DOI: https://doi.org/10.15368/theses.2011.137
Available at: https://digitalcommons.calpoly.edu/theses/581
Date of Award
6-2011
Degree Name
MS in Kinesiology
Department/Program
Kinesiology
Advisor
Todd Hagobian
Abstract
On the basis of a strong body of data, the Institute of Medicine currently recommends at least 60 minutes of exercise per day to prevent body weight gain overtime. Previous studies have shown that there is no compensatory increase in food intake with this dose of exercise. Ultimately, the brain decides whether to alter food intake. Surprisingly, no published studies have assessed the impact of exercise on brain activation.
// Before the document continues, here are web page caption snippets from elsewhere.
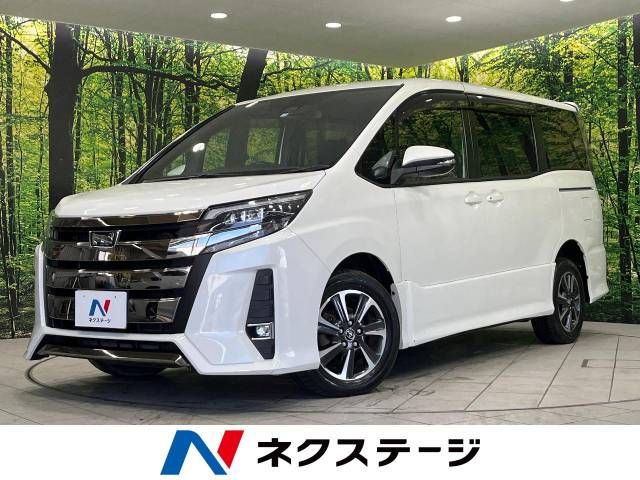 TOYOTA NOAH 4WD 2017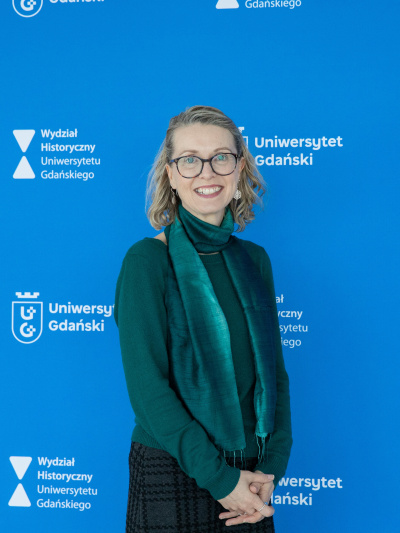 Prof.Elena Woodacre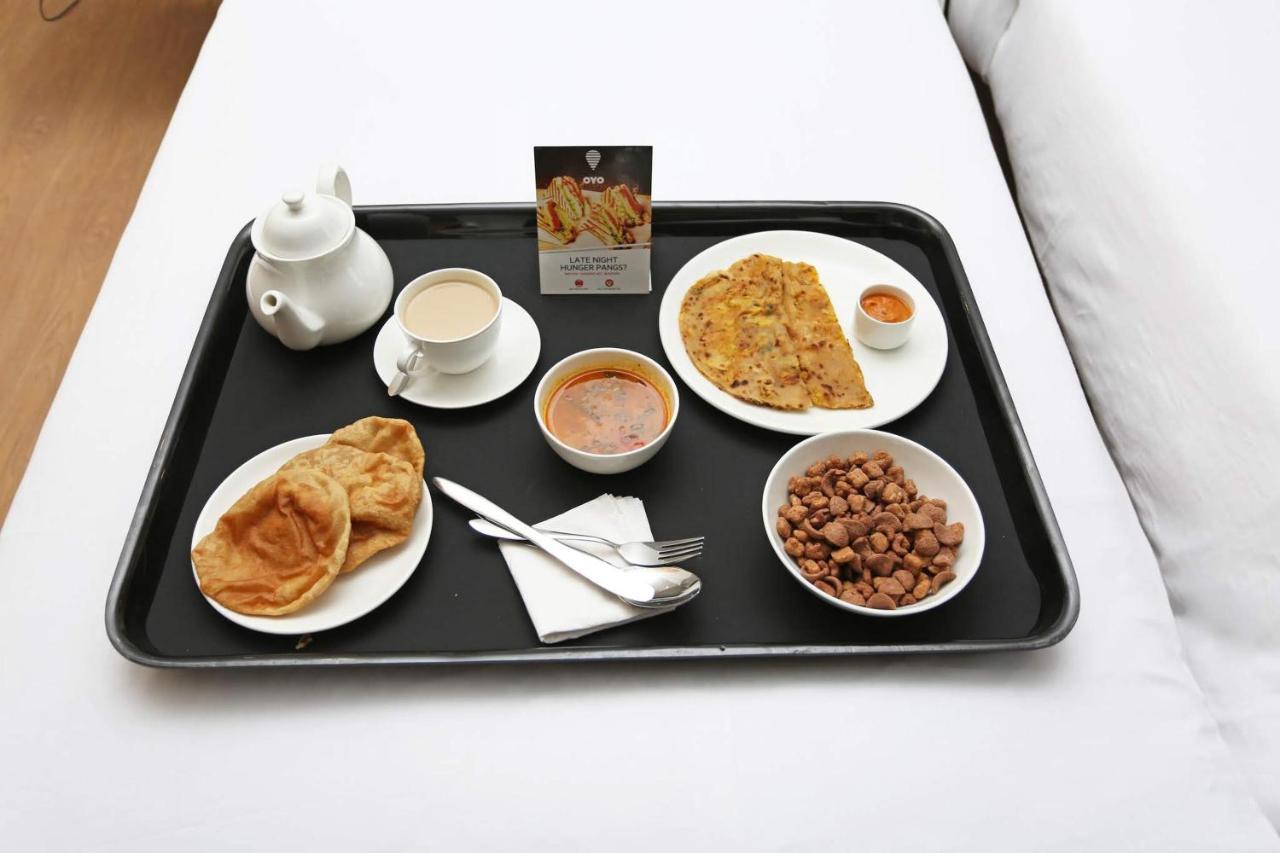 Una  Oyo 67033 Hotel Sahil Plaza المظهر الخارجي الصورة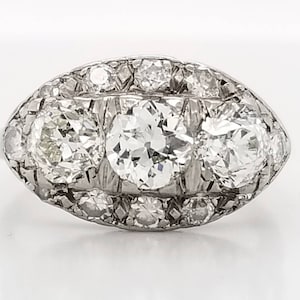 Platinum Filigree art deco ring 1.97ct. Natural Old mine cut Diamond circ 1920's SI1-H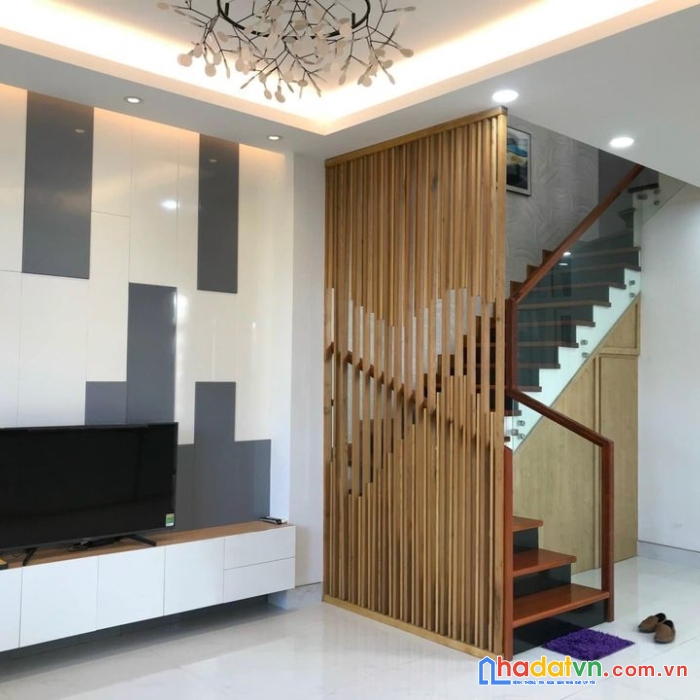 Nhà mới 2 tầng ở ngay 64m2 hxh hồng lạc, tân bình nhỉnh 5 tỷ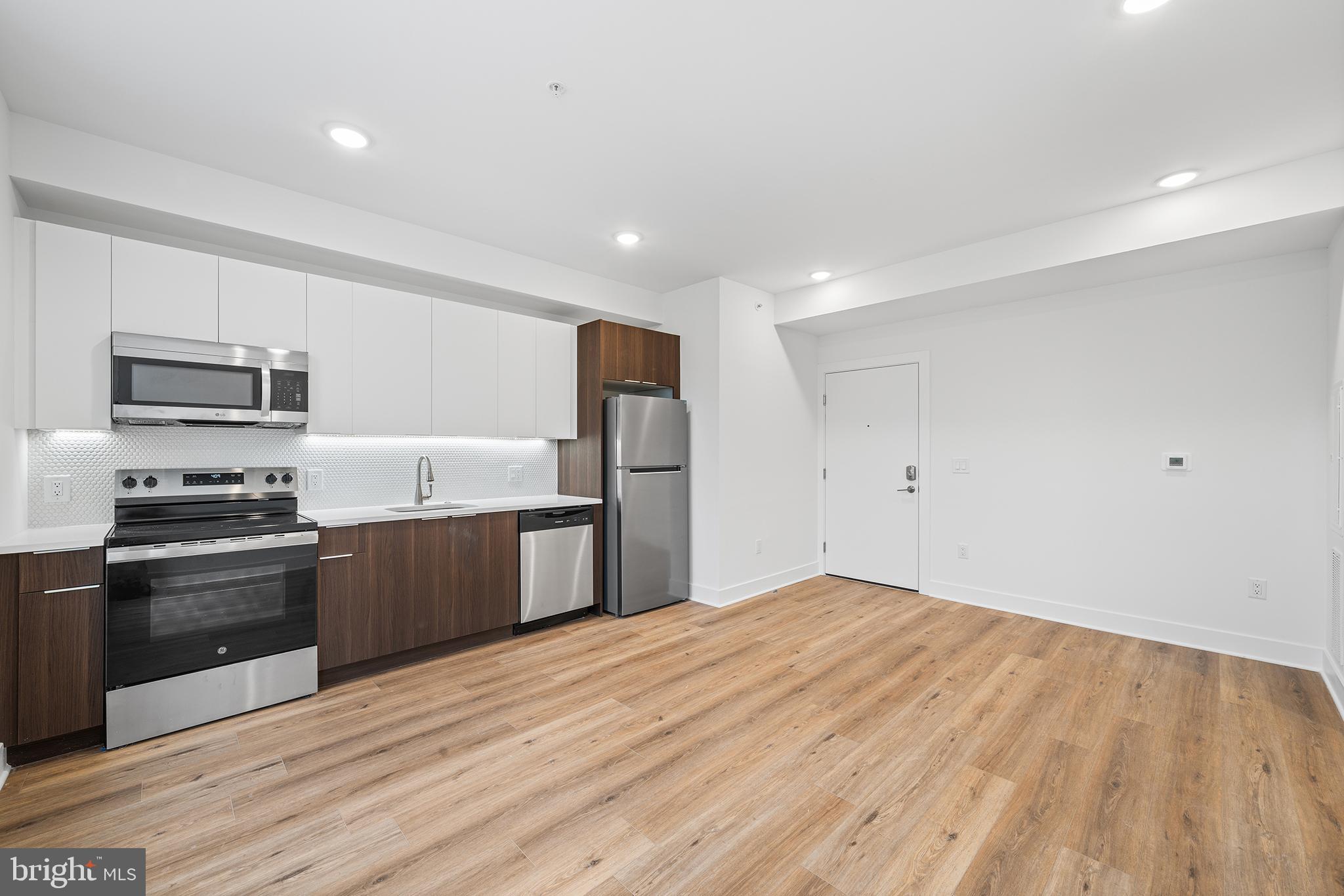 4324 LANCASTER AVENUE 200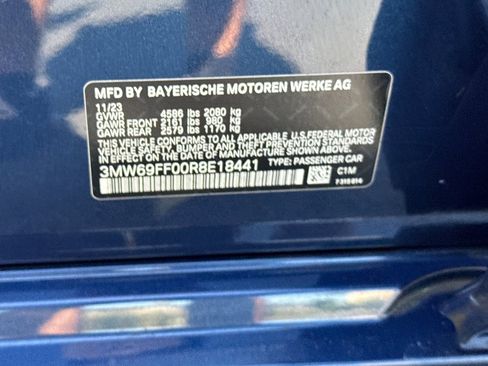 Used 2024 BMW 330i Sedan w/ Premium Package RWD image 40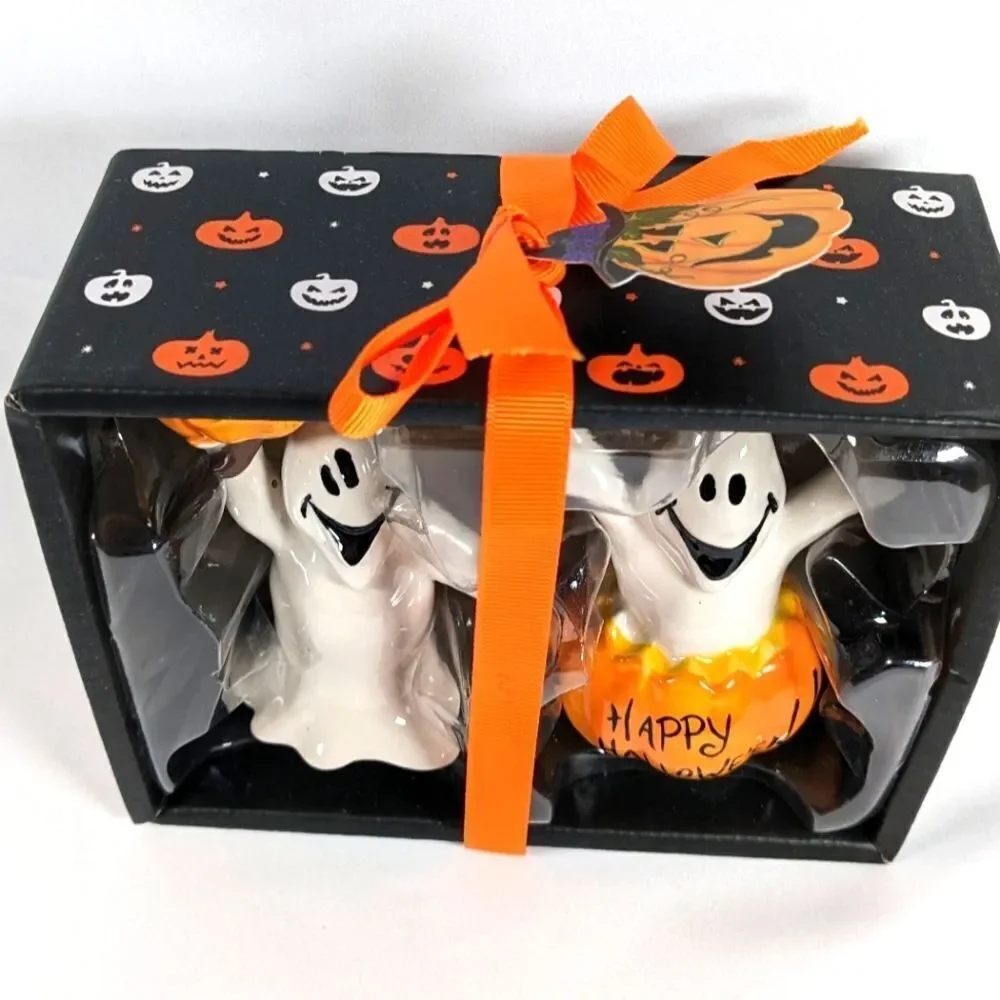 New In Box Blue Sky Clayworks 2022 Happy Halloween Ghosts Salt And Pepper Set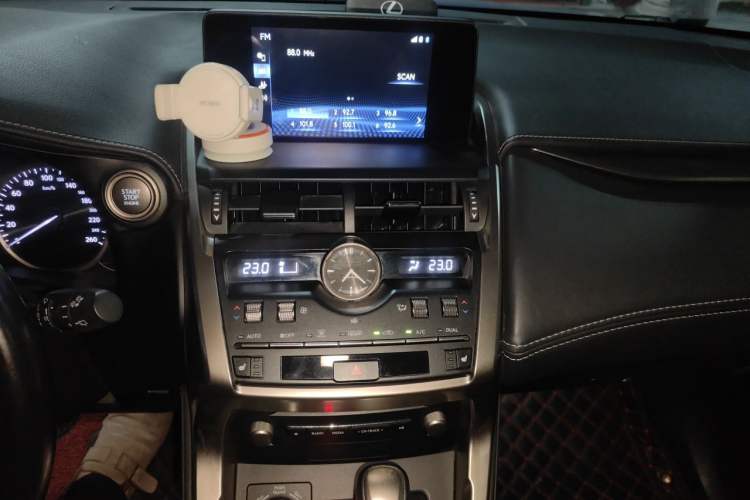 Used Lexus NX 2018 300 Front-Drive Freeline Edition Audio And AC Panel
Using functional magnetic resonance imaging (fMRI) and an appetite questionnaire, we investigated the effects of a single bout of aerobic exercise on brain responses to visual food cues and subjective appetite responses. After an overnight fast, 30 (17M, 13W), healthy, habitually active subjects (22.0±3.8 years, 23.6±2.4 kg/m2, 44.3±8.3 mL∙kg-1∙min-1) either rested or exercised for 60 minutes, in a counterbalanced crossover design. Immediately after each condition, blood oxygen dependent levels were determined in response to visual food cues of different energy value during an fMRI scan. Exercise showed significantly greater activation (P < .005, uncorrected) in regions implicated in food inhibition (superior frontal gyrus, medial surface), and visual attention (precuneus, superior temporal gyrus, middle temporal gyrus and fusiform gyrus) regions. However, exercise did show a greater activation in a food reward region (medial orbitofrontal cortex). The rest condition only showed greater activation in a visual center (fusiform gyrus) and the midbrain. In addition, relative to no-exercise, subjective appetite responses were suppressed following the exercise bout. Taken altogether, these data suggest exercise may impact the brain in a direction expected to suppress food intake and increase food attention, which is in line with previous behavioral, biological and fMRI data. These findings may explain, at least partially, why aerobic exercise does not lead to a compensatory increase in food intake.